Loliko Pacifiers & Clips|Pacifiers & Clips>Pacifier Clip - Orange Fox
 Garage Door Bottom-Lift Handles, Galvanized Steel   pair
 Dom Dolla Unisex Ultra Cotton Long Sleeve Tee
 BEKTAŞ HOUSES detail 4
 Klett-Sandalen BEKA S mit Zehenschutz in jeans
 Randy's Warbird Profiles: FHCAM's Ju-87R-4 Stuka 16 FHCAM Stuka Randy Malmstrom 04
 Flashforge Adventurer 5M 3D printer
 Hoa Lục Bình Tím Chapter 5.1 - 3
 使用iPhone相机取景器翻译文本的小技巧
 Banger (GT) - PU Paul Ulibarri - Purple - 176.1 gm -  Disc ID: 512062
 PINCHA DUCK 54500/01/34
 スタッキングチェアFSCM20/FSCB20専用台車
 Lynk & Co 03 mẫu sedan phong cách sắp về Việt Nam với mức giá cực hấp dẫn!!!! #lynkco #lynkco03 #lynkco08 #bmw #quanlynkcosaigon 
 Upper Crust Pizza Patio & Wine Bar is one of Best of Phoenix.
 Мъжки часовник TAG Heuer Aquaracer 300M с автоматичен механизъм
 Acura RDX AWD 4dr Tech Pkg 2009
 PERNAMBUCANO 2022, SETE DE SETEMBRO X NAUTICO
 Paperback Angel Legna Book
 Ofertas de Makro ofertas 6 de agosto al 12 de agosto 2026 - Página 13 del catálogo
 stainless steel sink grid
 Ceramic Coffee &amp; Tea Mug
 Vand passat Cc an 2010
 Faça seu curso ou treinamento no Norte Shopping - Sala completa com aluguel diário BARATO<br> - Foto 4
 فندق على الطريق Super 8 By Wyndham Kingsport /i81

───

**EXERCISE DETAILS**
Could you copy every record above exactly as written?

**SOLUTION**
Loliko Pacifiers & Clips|Pacifiers & Clips>Pacifier Clip - Orange Fox
 Garage Door Bottom-Lift Handles, Galvanized Steel   pair
 Dom Dolla Unisex Ultra Cotton Long Sleeve Tee
 BEKTAŞ HOUSES detail 4
 Klett-Sandalen BEKA S mit Zehenschutz in jeans
 Randy's Warbird Profiles: FHCAM's Ju-87R-4 Stuka 16 FHCAM Stuka Randy Malmstrom 04
 Flashforge Adventurer 5M 3D printer
 Hoa Lục Bình Tím Chapter 5.1 - 3
 使用iPhone相机取景器翻译文本的小技巧
 Banger (GT) - PU Paul Ulibarri - Purple - 176.1 gm -  Disc ID: 512062
 PINCHA DUCK 54500/01/34
 スタッキングチェアFSCM20/FSCB20専用台車
 Lynk & Co 03 mẫu sedan phong cách sắp về Việt Nam với mức giá cực hấp dẫn!!!! #lynkco #lynkco03 #lynkco08 #bmw #quanlynkcosaigon 
 Upper Crust Pizza Patio & Wine Bar is one of Best of Phoenix.
 Мъжки часовник TAG Heuer Aquaracer 300M с автоматичен механизъм
 Acura RDX AWD 4dr Tech Pkg 2009
 PERNAMBUCANO 2022, SETE DE SETEMBRO X NAUTICO
 Paperback Angel Legna Book
 Ofertas de Makro ofertas 6 de agosto al 12 de agosto 2026 - Página 13 del catálogo
 stainless steel sink grid
 Ceramic Coffee &amp; Tea Mug
 Vand passat Cc an 2010
 Faça seu curso ou treinamento no Norte Shopping - Sala completa com aluguel diário BARATO<br> - Foto 4
 فندق على الطريق Super 8 By Wyndham Kingsport /i81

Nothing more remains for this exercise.